With the recent shakeup at Team McCain, Rove's acolytes are now running the next Republican presidential campaign, and their following Rove’s playbook exactly.

And true to form, news outlets are scooping up what Rove’s team is shoveling.

In this sense, John McCain isn’t running for Bush’s third term, he’s running for Rove’s third term.

Paul Krugman in the NY Times Rove’s Third Term (reg. req’d)

Al Gore never claimed that he invented the Internet. Howard Dean didn’t scream. Hillary Clinton didn’t say she was staying in the race because Barack Obama might be assassinated. And Wesley Clark didn’t impugn John McCain’s military service.

Scott McClellan, the former White House press secretary, titled his tell-all memoir “What Happened.” But a true account of modern American politics should be titled “What Didn’t Happen.” Again and again we’ve had media firestorms over supposedly revealing incidents that never actually took place.

The latest fake scandal fit the usual pattern as an awkwardly phrased remark, lifted out of context and willfully misinterpreted, exploded across the airwaves.

What General Clark actually said was that Mr. McCain’s war service, though heroic, didn’t necessarily constitute a qualification for the presidency. It was a blunt but truthful remark, and not at all outrageous - especially given the fact that General Clark is himself a bona fide war hero.

Yet the Clark affair did reveal something important - not about General Clark, but about Mr. McCain.
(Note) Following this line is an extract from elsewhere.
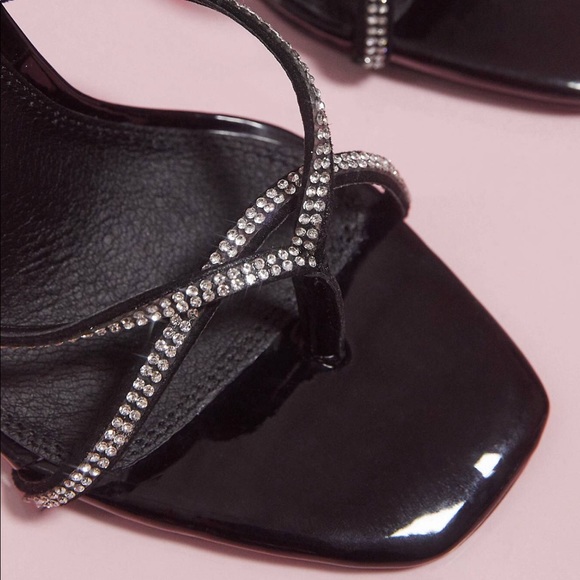 ASOS Heeled Sandals - Picture 3 of 4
Now we know what a McCain administration would represent: namely, a third term for Karl Rove.

It was predictable that the McCain campaign would go wild over the Clark remarks. Mr. McCain’s run for the White House has always been based on persona rather than policy: he doesn’t have ideas that voters agree with, but he does have an inspiring life story - which, contrary to the myth of the modest maverick, he talks about all the time. The suggestion that this life story isn’t relevant to his quest for office was bound to provoke a violent reaction.
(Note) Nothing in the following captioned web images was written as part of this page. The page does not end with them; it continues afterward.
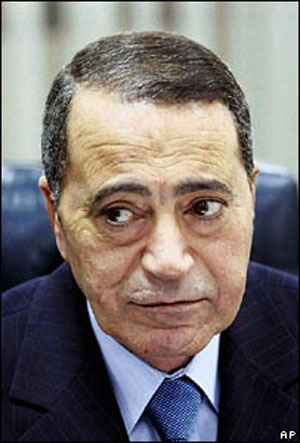 اللجنة التوجيهية للانتخابات البلدية تواصل مناقشة الاجراءات التحضيرية لها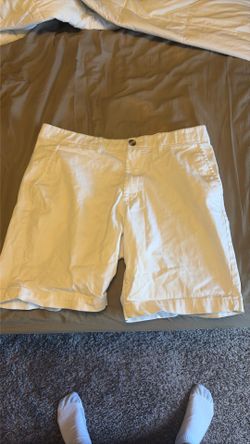 Sonoma flex wear shorts. Men's size 34
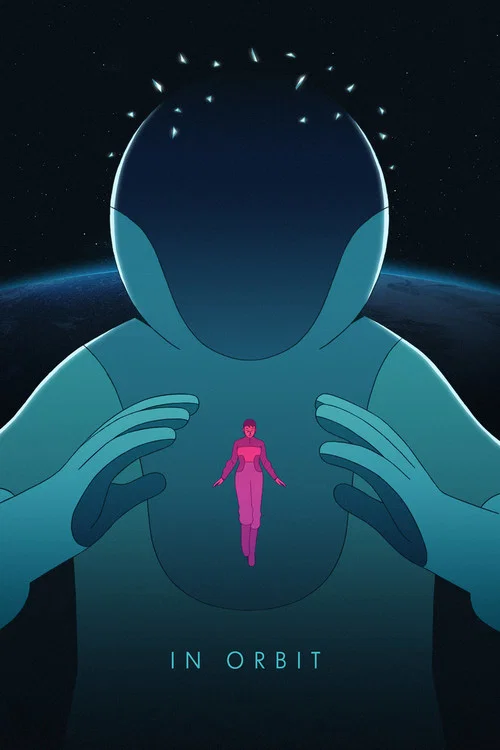 Постер: In Orbit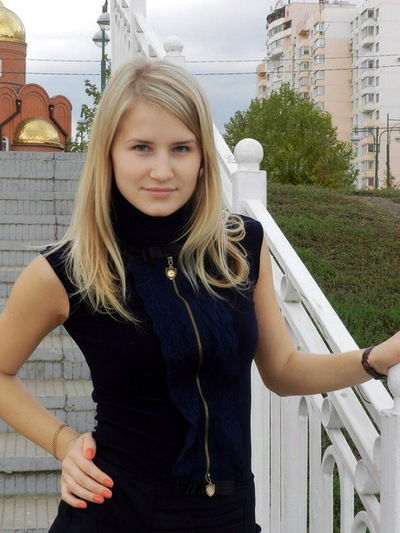 Елена Михайловна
But the McCain campaign went beyond condemning General Clark’s remarks; it went out of its way to distort them.[..]

The willingness of the McCain campaign to engage in these tactics, employing such tainted spokesmen, tells us that the campaign has decided to go negative - specifically, to apply the strategy Karl Rove used so effectively in 2002 and 2004 (but not so effectively in 2006), that of portraying Democrats as unpatriotic.
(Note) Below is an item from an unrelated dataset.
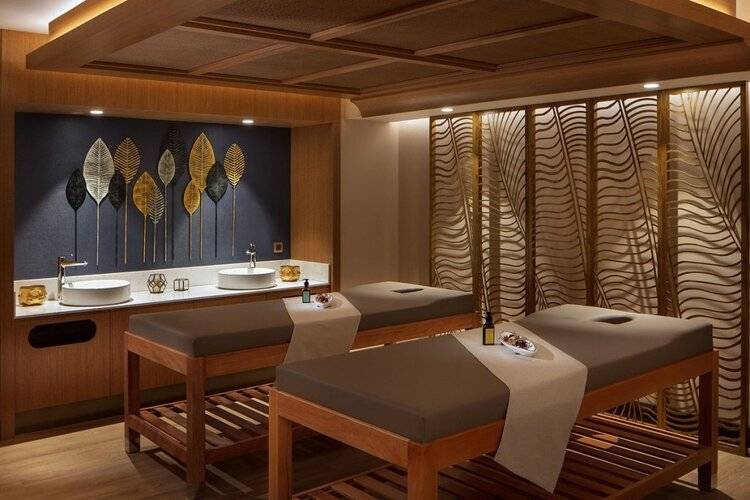 Sheraton Istanbul Levent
And sure enough, Adam Nagourney of The New York Times reports signs of the “increasing influence of veterans of Mr. Rove’s shop in the McCain operation.”

Will Rovian tactics work this year?

 A third term for Karl Rove

It’s certainly not Krugman’s fault that his deadline was probably mid-day yesterday, but the “latest fake scandal” actually happened shortly after he submitted his column, when the McCain campaign and the political media establishment decided that Barack Obama had changed his Iraq policy, reality notwithstanding.

What’s interesting, of course, are the similarities. Republicans/reporters twisted Clark’s words, and manufactured a huge story out of thin air. Soon after, Republicans/reporters twisted Obama’s words, and manufactured a huge story out of thin air. The facts were readily available to anyone who cared to notice, so Republicans/reporters decided to look the other way.

In both instances, there was a real story to cover. In Clark’s case, maybe reporters could have taken a moment to consider the substance of whether McCain’s military service during Vietnam makes him qualified to be president now. In Obama’s case, maybe news outlets could use this opportunity to let voters know the practical, fundamental differences between Obama’s and McCain’s Iraq policies.

But, no. A Rovian style of politics is geared towards eliminating the substance, which is just the way major news outlets like it. The feeding frenzy is easier than actual journalism anyway.

Krugman concluded, “[M]y sense, though it’s hard to prove, is that the press is feeling a bit ashamed about the way it piled on General Clark. If so, news organizations may think twice before buying into the next fake scandal.”

And within hours of Krugman turning in his column, the press that should have been ashamed started the whole thing over again, highlighting Obama’s Iraq policy, and pointing to an inconsistency that doesn’t exist.

McCain and his campaign, in other words, are following Rovian politics to a T, and as of now, it’s working.